MySQL Bugs: #109214: AHI cannot be created at the secondary index due to the optimizer estimations

Bug #109214	AHI cannot be created at the secondary index due to the optimizer estimations
Submitted:	27 Nov 2022 15:48	Modified:	29 Nov 2022 3:48
Reporter:	Zike Wang	Email Updates:
Status:	Not a Bug	Impact on me:	None
Category:	MySQL Server: InnoDB storage engine	Severity:	S5 (Performance)
Version:	5.7.40	OS:	CentOS (3.10.0)
Assigned to:		CPU Architecture:	x86 (32 cores)
Tags:	performance

Description:
When we tested the performance improvement of AHI using sysbench 1.1.0 select_random_points in MySQL 5.7.40, we found that hash indexes could not be created for non-unique secondary indexes, which prevented btr search from being accelerated with AHI.

We use a database containing a table of 1 million rows and test a simple query select c from sbtest1 where k in (...) with the buffer pool fully warmed up. The table contains a clustered index and a non-unique secondary index k_1 on column k.

We used 64 threads for performance testing, expecting AHI to be created on both secondary index k_1 and clustered index, but to our surprise, looking at the status of the hash tables with the show engine innodb status command, we found that only the clustered index had AHI created and used for queries.

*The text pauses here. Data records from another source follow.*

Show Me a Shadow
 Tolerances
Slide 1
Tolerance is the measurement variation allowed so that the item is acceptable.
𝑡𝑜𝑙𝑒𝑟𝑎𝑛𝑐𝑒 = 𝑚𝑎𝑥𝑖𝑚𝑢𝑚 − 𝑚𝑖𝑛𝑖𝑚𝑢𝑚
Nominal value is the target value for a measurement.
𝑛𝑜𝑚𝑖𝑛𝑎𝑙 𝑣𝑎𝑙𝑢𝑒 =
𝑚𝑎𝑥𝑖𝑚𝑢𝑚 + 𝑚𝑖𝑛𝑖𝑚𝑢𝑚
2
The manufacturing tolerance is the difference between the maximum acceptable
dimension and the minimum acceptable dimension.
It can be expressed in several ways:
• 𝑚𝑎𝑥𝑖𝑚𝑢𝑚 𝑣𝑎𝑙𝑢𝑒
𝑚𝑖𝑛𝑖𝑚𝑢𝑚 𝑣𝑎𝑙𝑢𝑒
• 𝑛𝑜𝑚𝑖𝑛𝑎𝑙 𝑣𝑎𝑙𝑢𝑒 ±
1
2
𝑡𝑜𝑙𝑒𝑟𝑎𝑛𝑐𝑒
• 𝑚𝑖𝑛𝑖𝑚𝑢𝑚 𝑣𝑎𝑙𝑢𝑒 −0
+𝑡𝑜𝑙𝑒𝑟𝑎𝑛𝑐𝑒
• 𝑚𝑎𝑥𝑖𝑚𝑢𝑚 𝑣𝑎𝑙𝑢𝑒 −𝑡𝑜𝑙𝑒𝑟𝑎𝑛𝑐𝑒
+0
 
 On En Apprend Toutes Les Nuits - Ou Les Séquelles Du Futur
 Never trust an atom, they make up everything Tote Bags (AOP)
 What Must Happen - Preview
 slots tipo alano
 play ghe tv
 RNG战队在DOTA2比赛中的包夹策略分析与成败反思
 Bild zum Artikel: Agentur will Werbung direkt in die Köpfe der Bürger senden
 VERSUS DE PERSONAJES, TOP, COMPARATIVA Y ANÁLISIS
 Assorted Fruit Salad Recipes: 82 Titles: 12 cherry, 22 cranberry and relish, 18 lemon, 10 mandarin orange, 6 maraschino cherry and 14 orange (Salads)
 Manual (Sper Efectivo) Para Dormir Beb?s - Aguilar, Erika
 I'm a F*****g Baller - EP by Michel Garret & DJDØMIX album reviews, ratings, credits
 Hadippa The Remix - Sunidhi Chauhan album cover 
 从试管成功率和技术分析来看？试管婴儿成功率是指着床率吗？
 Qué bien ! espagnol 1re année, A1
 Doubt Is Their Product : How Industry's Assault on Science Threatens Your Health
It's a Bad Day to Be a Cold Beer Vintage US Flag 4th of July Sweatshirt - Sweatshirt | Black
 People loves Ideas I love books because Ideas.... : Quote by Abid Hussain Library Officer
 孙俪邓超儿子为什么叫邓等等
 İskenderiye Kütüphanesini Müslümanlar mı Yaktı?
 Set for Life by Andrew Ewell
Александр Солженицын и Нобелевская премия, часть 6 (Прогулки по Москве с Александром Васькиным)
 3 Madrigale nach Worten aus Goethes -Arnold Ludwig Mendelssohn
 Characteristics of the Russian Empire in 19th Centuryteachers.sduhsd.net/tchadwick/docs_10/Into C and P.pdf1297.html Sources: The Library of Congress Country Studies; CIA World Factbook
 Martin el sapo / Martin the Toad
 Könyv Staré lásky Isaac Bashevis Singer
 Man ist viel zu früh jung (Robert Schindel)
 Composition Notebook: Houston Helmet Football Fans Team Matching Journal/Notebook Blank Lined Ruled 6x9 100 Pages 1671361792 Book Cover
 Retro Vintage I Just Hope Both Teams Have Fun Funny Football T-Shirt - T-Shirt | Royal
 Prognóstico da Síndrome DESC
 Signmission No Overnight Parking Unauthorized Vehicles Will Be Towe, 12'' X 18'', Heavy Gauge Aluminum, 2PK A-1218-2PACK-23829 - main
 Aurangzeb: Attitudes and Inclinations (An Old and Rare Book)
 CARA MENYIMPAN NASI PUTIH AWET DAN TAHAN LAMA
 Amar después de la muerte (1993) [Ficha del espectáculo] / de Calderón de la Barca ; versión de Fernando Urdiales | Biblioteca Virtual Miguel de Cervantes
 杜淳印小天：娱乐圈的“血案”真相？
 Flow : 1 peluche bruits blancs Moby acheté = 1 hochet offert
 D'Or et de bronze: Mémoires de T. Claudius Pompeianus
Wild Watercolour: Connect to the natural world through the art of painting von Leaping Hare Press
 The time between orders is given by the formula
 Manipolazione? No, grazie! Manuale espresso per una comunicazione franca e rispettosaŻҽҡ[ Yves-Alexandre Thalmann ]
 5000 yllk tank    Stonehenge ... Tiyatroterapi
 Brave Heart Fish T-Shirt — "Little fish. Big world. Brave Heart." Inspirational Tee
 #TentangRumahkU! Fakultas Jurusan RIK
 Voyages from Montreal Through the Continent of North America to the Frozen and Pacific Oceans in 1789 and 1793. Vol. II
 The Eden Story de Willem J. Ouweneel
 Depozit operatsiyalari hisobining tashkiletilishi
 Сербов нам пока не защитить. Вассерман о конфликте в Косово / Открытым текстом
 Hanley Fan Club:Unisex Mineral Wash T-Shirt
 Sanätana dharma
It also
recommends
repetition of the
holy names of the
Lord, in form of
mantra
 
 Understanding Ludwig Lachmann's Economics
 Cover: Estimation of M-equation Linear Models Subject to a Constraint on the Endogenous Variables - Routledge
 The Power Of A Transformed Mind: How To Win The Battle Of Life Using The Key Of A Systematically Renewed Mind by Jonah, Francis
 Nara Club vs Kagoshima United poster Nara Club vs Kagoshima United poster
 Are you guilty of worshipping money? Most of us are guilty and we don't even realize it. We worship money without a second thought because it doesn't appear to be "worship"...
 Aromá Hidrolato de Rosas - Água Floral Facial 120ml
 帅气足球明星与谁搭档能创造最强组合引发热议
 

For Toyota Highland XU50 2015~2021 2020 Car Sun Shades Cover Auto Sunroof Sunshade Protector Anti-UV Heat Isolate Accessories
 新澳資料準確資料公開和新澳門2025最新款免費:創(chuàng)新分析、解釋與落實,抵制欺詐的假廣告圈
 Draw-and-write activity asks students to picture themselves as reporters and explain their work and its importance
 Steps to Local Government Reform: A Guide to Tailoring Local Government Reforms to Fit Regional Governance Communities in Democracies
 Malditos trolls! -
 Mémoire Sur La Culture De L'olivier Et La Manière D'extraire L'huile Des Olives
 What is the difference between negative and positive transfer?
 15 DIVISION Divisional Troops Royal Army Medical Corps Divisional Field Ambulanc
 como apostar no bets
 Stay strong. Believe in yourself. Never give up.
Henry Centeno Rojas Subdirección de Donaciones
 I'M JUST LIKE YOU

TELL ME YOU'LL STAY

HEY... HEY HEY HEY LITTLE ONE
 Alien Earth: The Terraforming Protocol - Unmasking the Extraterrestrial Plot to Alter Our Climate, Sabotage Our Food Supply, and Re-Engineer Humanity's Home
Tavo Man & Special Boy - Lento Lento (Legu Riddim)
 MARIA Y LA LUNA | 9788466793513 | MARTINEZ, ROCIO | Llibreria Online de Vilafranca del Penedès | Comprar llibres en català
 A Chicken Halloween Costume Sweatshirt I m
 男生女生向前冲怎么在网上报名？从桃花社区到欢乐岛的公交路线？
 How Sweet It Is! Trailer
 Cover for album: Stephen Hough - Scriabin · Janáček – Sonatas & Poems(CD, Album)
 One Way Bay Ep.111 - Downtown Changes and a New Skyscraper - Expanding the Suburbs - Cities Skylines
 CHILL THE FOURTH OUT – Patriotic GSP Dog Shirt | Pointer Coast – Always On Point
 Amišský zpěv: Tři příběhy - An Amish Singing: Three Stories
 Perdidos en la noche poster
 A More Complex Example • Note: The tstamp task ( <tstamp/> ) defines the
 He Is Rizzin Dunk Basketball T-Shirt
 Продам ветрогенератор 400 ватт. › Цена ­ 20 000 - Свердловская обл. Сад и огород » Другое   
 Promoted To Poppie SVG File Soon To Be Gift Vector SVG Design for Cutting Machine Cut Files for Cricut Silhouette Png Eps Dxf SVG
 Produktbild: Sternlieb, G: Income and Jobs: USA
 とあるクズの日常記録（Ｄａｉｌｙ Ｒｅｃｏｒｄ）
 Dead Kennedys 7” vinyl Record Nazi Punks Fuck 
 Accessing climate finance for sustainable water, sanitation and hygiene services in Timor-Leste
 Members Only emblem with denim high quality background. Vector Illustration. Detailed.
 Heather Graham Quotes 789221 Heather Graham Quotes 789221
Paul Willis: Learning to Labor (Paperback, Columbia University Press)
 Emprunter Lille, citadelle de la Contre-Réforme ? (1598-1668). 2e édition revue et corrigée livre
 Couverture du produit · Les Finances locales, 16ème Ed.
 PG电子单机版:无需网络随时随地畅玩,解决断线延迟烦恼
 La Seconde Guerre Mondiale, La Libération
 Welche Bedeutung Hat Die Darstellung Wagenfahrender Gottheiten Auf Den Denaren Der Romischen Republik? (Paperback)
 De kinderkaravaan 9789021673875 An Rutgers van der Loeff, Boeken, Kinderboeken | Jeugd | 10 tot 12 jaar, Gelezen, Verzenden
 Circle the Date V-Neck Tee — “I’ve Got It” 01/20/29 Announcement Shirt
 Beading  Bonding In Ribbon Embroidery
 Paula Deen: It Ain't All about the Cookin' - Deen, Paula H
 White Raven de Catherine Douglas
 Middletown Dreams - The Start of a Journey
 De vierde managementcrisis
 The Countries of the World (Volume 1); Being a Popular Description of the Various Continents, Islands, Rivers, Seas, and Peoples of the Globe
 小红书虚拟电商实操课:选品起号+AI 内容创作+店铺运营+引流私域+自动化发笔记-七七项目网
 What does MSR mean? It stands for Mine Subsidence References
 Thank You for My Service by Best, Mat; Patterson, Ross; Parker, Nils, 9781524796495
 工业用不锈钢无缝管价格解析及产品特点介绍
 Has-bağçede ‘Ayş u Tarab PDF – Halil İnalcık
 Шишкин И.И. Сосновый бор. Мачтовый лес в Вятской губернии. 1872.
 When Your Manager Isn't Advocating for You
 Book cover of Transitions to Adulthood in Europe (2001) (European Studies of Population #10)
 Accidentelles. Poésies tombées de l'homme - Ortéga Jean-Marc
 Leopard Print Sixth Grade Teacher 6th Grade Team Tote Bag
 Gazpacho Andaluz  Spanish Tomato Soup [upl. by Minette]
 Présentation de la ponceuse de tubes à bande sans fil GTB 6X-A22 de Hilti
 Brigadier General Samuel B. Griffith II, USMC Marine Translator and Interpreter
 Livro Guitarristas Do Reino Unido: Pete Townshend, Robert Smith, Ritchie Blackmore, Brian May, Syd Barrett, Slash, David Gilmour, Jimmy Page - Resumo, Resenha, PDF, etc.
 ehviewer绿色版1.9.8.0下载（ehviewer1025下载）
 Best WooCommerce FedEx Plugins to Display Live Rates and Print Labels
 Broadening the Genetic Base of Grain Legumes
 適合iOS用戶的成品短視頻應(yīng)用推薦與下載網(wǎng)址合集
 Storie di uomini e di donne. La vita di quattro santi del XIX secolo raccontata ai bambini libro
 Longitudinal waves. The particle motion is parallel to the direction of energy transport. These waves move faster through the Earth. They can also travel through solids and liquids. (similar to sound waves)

So we carefully tracked the update process of btr search info on the secondary index k_1. We know that when we create a hash index for a certain query condition on the index, we need to satisfy a certain query mode <fields, bytes, left_side> that occurs consecutively for a certain number of times. InnoDB uses btr_cur_search_to_nth_level to locate leaf nodes in B+ Tree, and then updates btr search info, so the search mode in btr_cur_search_to_nth_level will affect AHI statistics.

For the preceding query statement, btr_cur_search_to_nth_level will be called four times, three of which occur on the secondary index k_1 and one on the clustered index. Let's analyze the first three processes. First, the optimizer estimates the row range, calls the InnoDB interface and uses PAGE_CUR_GE and PAGE_CUR_G search mode to locate, and then searches for records in InnoDB using PAGE_CUR_GE mode to locate in btr_cur_search_to_nth_level. From the perspective of AHI, left_side has changed three times. It is therefore not possible to reach the threshold for establishing an AHI.

The root cause of this problem is that the update of btr search info cannot identify whether the query condition comes from the semantics of the user's query statement or from other places. There are many callers of btr_cur_search_to_nth_level, such as in this example, from multi range analysis, and the corresponding function is btr_estimate_n_rows_in_range.

How to repeat:
As above.

Suggested fix:
We observed that there are two interactions with AHI in btr_cur_search_to_nth_level, one is query via btr_search_guess_on_hash, and the other is update via btr_search_info_update. When using AHI for query, strict conditions need to be met, one of which excludes calls from optimizer estimation.

Inspired by this condition, we can also add the same judgment to the update condition to filter non-user query condition semantics. This patch implements the idea described above.

diff --git a/storage/innobase/btr/btr0cur.cc b/storage/innobase/btr/btr0cur.cc
index da62273..bfabf5d 100644
--- a/storage/innobase/btr/btr0cur.cc
+++ b/storage/innobase/btr/btr0cur.cc
@@ -1914,7 +1914,7 @@ need_opposite_intention:
                will properly check btr_search_enabled again in
                btr_search_build_page_hash_index() before building a
                page hash index, while holding search latch. */
-               if (btr_search_enabled && !index->disable_ahi) {
+               if (btr_search_enabled && !index->disable_ahi && !estimate) {
                        btr_search_info_update(index, cursor);
                }
                ut_ad(cursor->up_match != ULINT_UNDEFINED

It should be noted that in order to make the AHI adaptive process more accurately match the SQL's real query semantics, more filter conditions should be added here. This patch only addresses the issues that arise in the preceding scenarios.

Hi Mr. Wang,

Thank you for your bug report.

However, AHI can be created only on the primary index. That is how this algorithm has been designed and how it is implemented in the InnoDB storage engine, since 2001. In short, that is how it will stay.

Clustered index is more then enough, since AHI is the best algorithm for query cacheing and not for speeding up the index searches.

Not a bug.

Thank you very much for the verification and reply.

The current AHI implementation, by default, is enabled for all indexes and is controlled by only one switch. Therefore, after AHI is enabled, btr search info will be maintained on each index, and btr search tables will also be maintained if the pattern is satisfied in the secondary index.

According to the reply, if we only consider the effect on the clustered index in the design goal, should we add an additional switch to only enable for clustered index to reduce the maintenance cost and memory overhead on the secondary indexes. We have done some verification and it is effective.